Goldberg’s take on the Holocaust was stupid, but so what? Someone said something stupid about something important on a television talk show? Knock me over with a feather.
ABC News described Goldberg’s comments as “hurtful.” Let’s put aside the question of whether anyone can genuinely be hurt by anything Whoppi Goldberg says, and deal with the real question here: Should hurtful expressions of opinions about political or historical matters be grounds for punishment?
I’m not asking about invective directed at particular groups like Jews and Blacks. I’m asking about expressions of opinions.
I can imagine opinions that might warrant the suspension, or worse, of a TV host.

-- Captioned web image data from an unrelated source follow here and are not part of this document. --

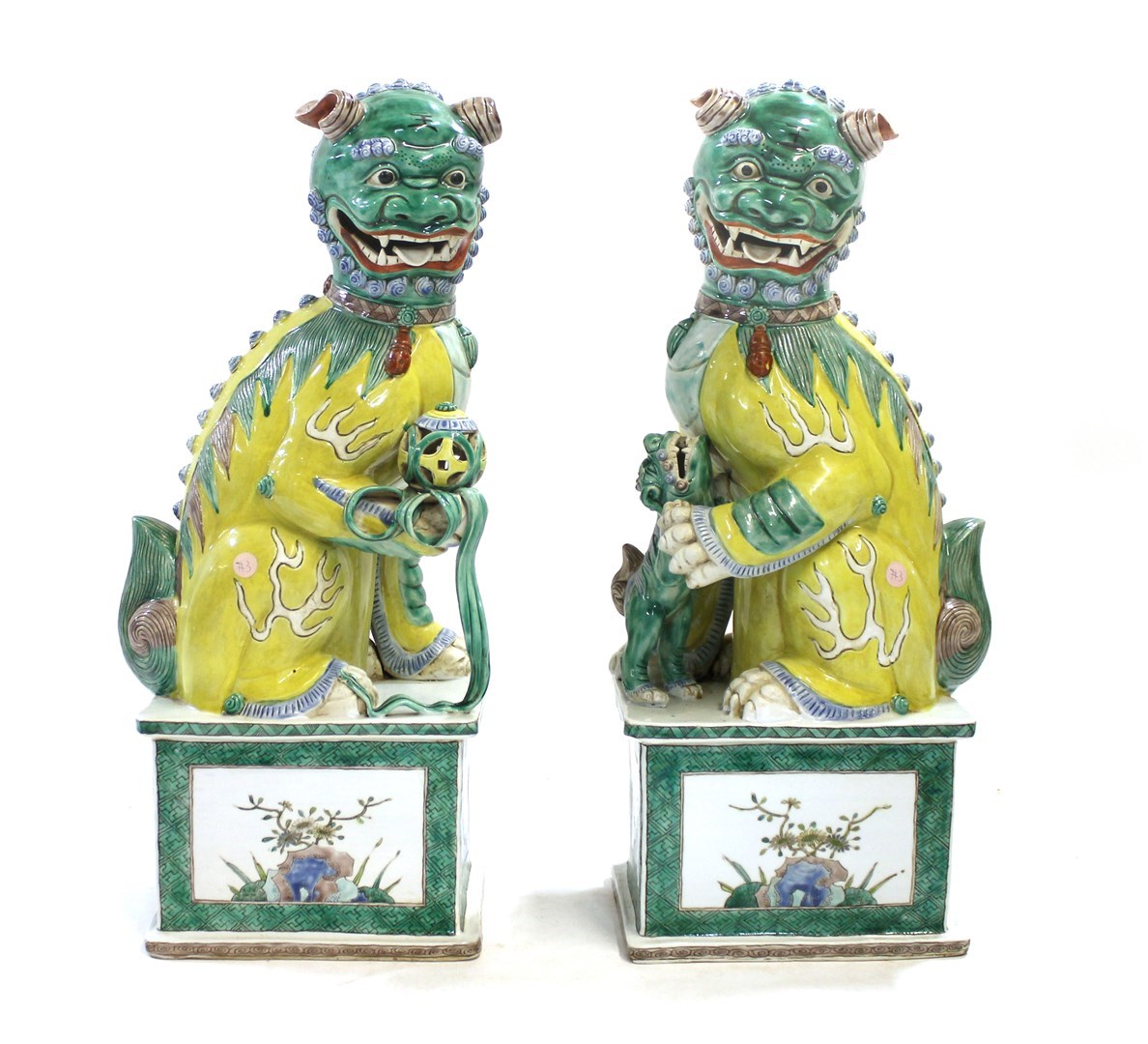 Appraisal: A pair of Chinese famille-verte Buddhist lions th century each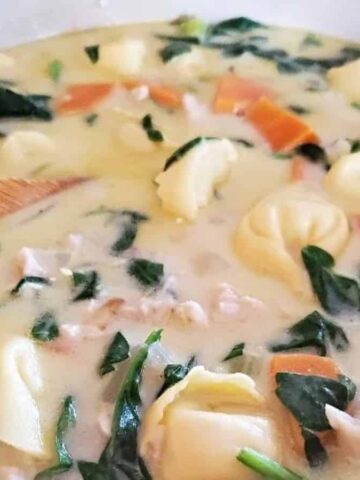 A pot of creamy soup is being stirred with a wooden spoon. The soup contains tortellini, spinach, diced carrots, and pieces of chicken, all in a light-colored broth.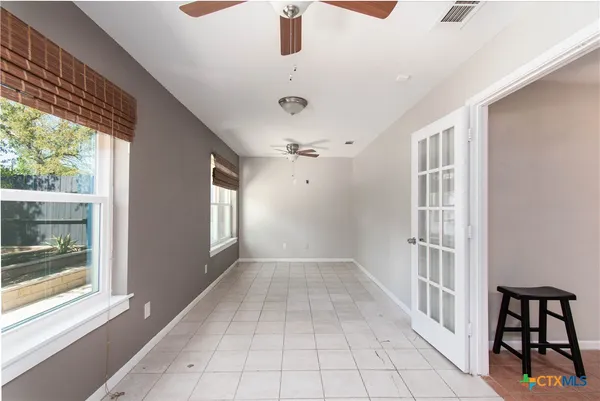 a view of livingroom with furniture and front door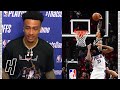 John Collins Pulled Up to His Interview Wearing a Shirt of Him Dunking on Joel Embiid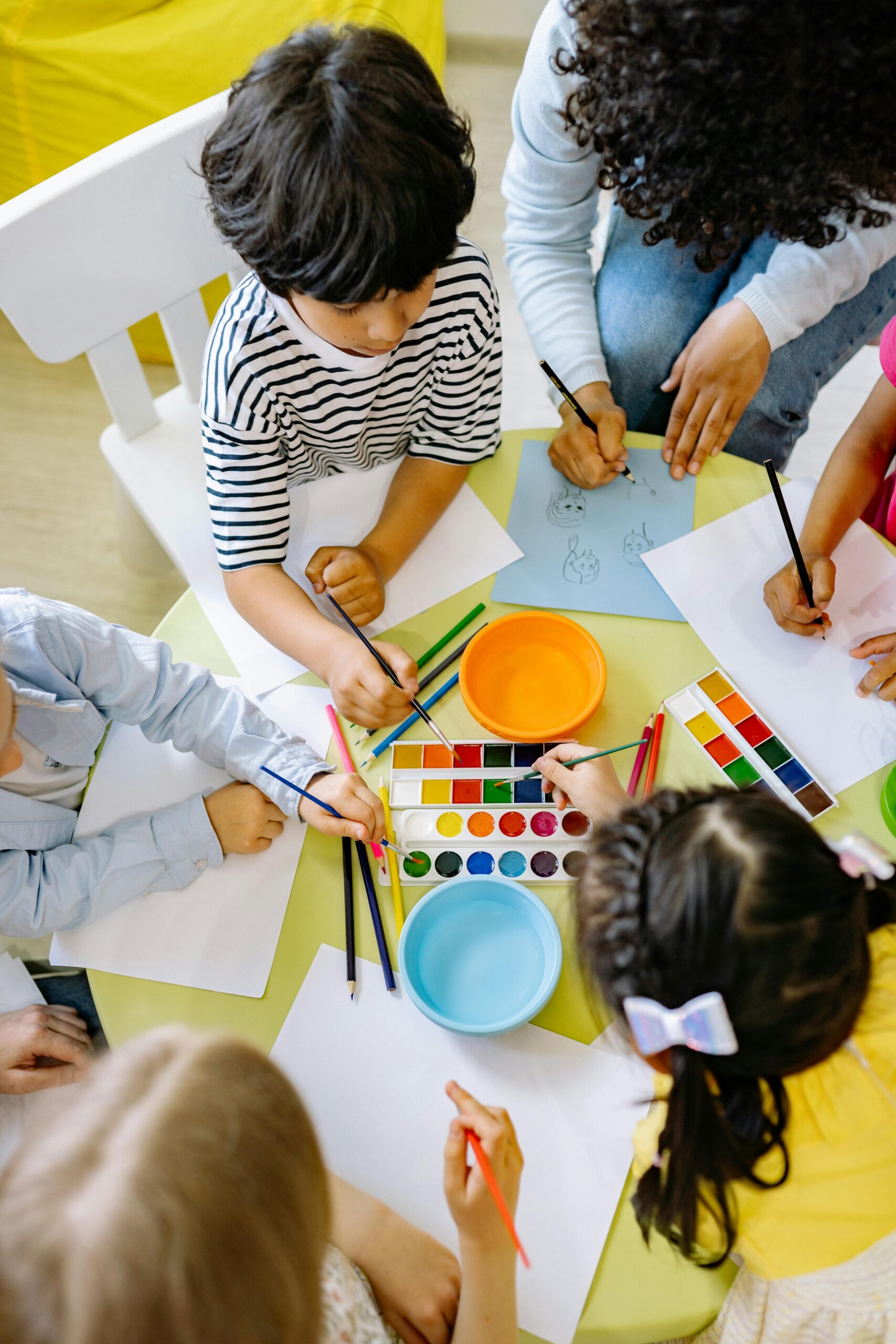 Top view of children painting with watercolors at a preschool art class.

Denying that the Holocaust occurred, for example.
But an opinion about whether the Holocaust was about race (it certainly was in the minds of those who carried it out) or “merely” a case of man’s inhumanity to man seems like very weak grounds for suspension.
Yes, this opinion will be “hurtful” to some, though not many, I hope. But those of us who abhor the cancel culture should agree that hurtful speech isn’t good grounds for punishing the speaker.
A hurtfulness standard — if one can even call it a standard — is an invitation to sharply curb free speech, and eventually, perhaps, to crush it. No one with a decent regard for free expression should be happy about ABC’s decision to suspend Goldberg.